Three Claude projects, one operator outside the boxes. Orchestrator delegates and validates handoffs. Worker sandboxes never read each other's files.

The operator (me) sits outside the boxes and validates the final products. The orchestrator delegates and monitors. The two worker sandboxes never see each other's files. Every handoff is a brief.

The reason this works is not novel. It is the same reason JDM clinical work runs on assessment and language before any technique. Each session reads its constraints first. By the time it touches the work, the question of what kind of output am I producing is already answered.


What named what we were doing

I did not invent any of this from scratch. I read.

The framework is Interpretable Context Methodology: Folder Structure as Agent Architecture by Jake Van Clief and David McDermott, published through Eduba at the University of Edinburgh. The protocol they describe is called Model Workspace Protocol (MWP). It is open-source under MIT at https://github.com/RinDig/Model-Workspace-Protocol-MWP.

The core move is simple enough to describe in a paragraph and load-bearing enough that it changed the build:

The filesystem itself becomes the orchestration layer. Numbered folders represent stages.

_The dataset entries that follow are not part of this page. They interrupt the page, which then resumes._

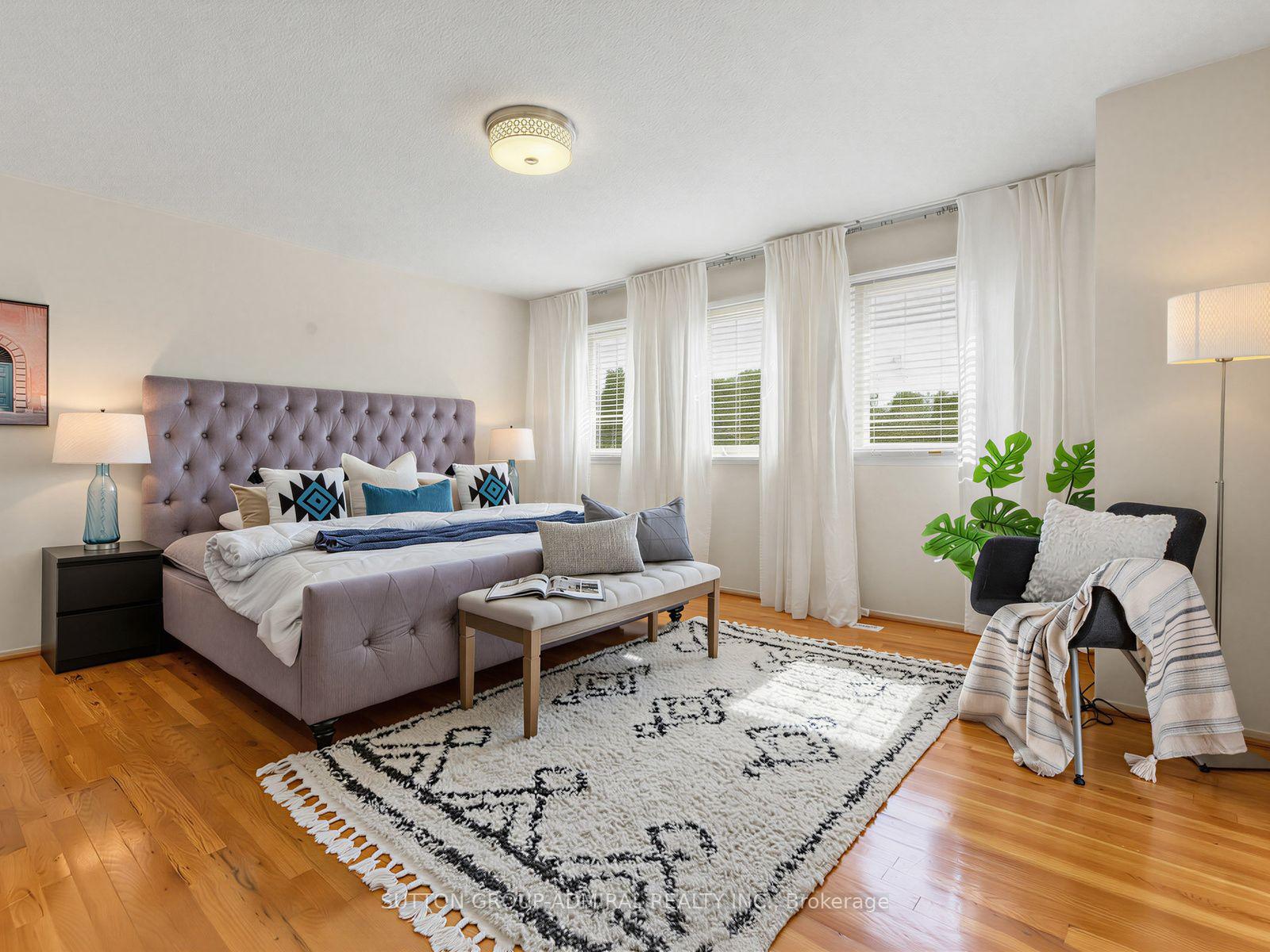 Photo 16 of 59 Marita Place, Vaughan, Glen Shields — HOMEH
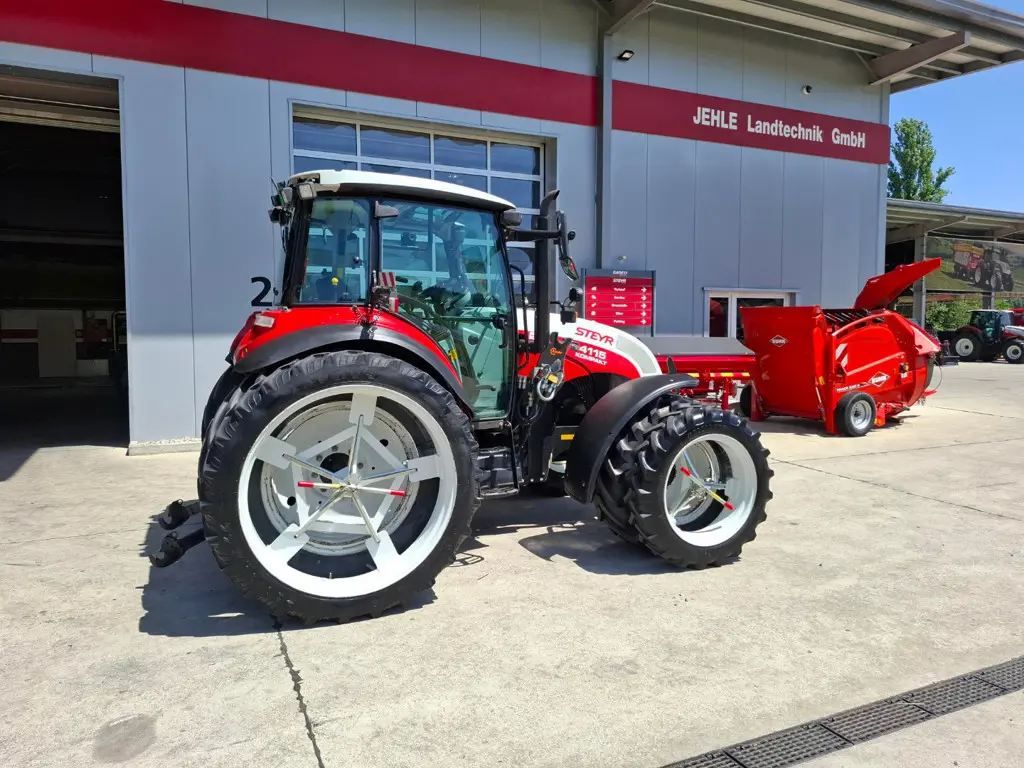 Steyr Kompakt 4115 Frontlader Hauer XB 110
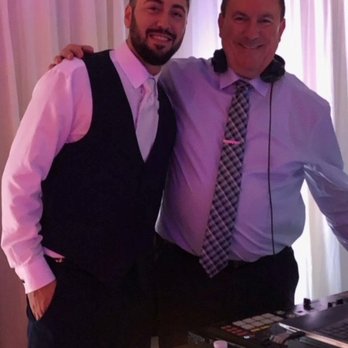 Perry's Mobile Disc Jockey - DJs Near Me Perry's Mobile Disc Jockey - DJs Near Me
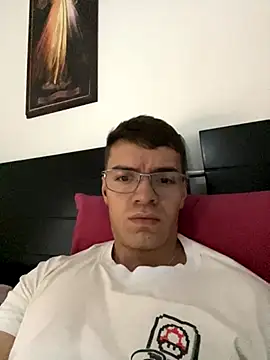 ALPHA DOMINUS  online show from October 17, 2025, 10:23 pm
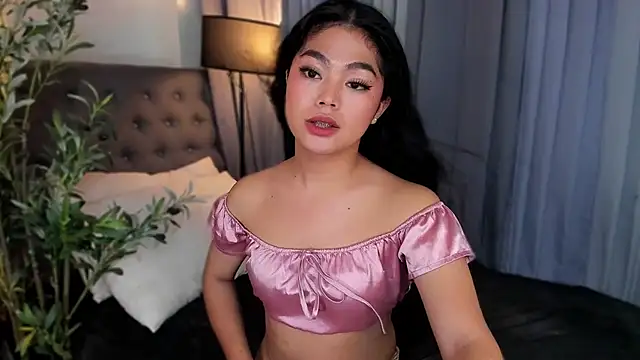 AsianHugecockAnna webcam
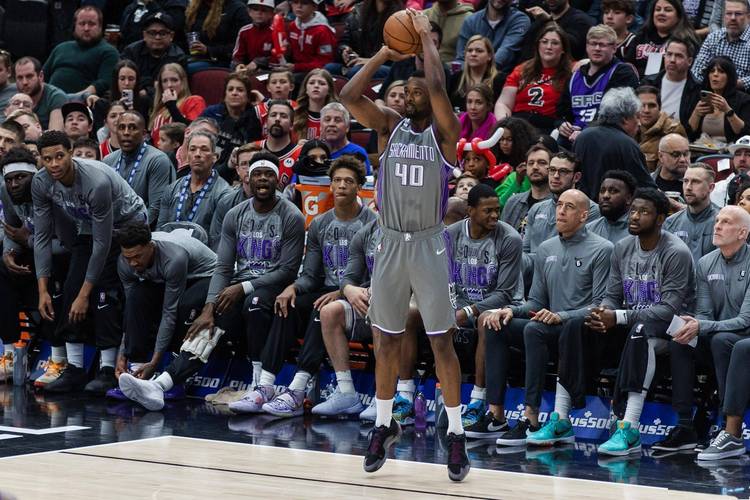 哈里森-巴恩斯：我们正朝着具备赢球能力的方向稳步前进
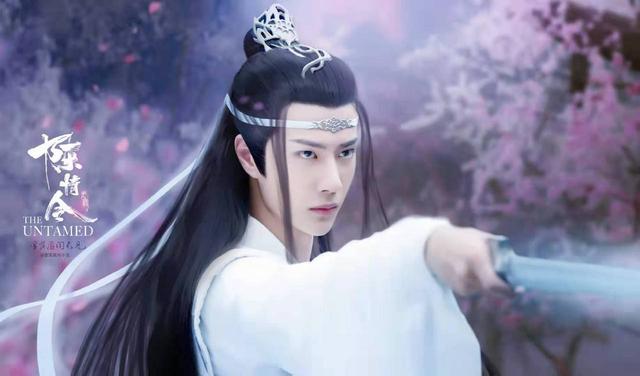 重温：《陈情令》剧照，魏无羡为蓝忘机疗伤，这段是不是有啥？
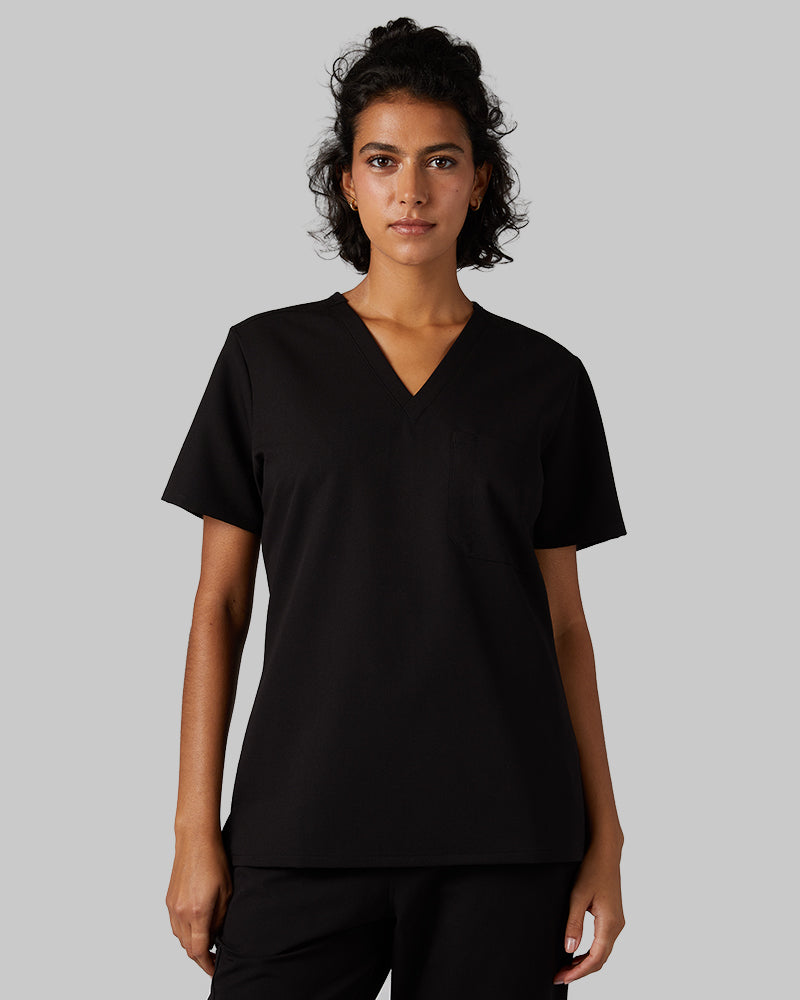 32 Degrees Black _ Womens 1-Pocket V-Neck scrub Top {model: Arantza is 5'9"and size 2 wearing size XS}{bottom}{right} {bottom}{right}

Plain markdown files carry the prompts and the context. One agent reads the right files at the right moment. There are five context layers. A top-level governing file that tells the session where am I. A navigation file that tells it where do I go. A stage file that tells it what do I do. A reference layer that holds what rules apply (the factory). A working-artifacts layer that holds what am I working with (the product).

Reference is internalized as constraints. Working artifacts are processed as input. Mixing them in a single prompt forces the model to sort. Separating them in the folder structure delivers context already organized.

Every output is an edit surface. The human reviews and optionally edits before the next stage runs. Glass-box, not black-box.

Configure the factory once. Each pipeline run produces a new deliverable using the same configuration.

Alongside MWP I worked through Jake Van Clief's course on AI agent orchestration, taught through his Skool community, and refined the architecture three times, drawing on Ari Evergreen's GitHub work and an intuitive sense of where the seams were.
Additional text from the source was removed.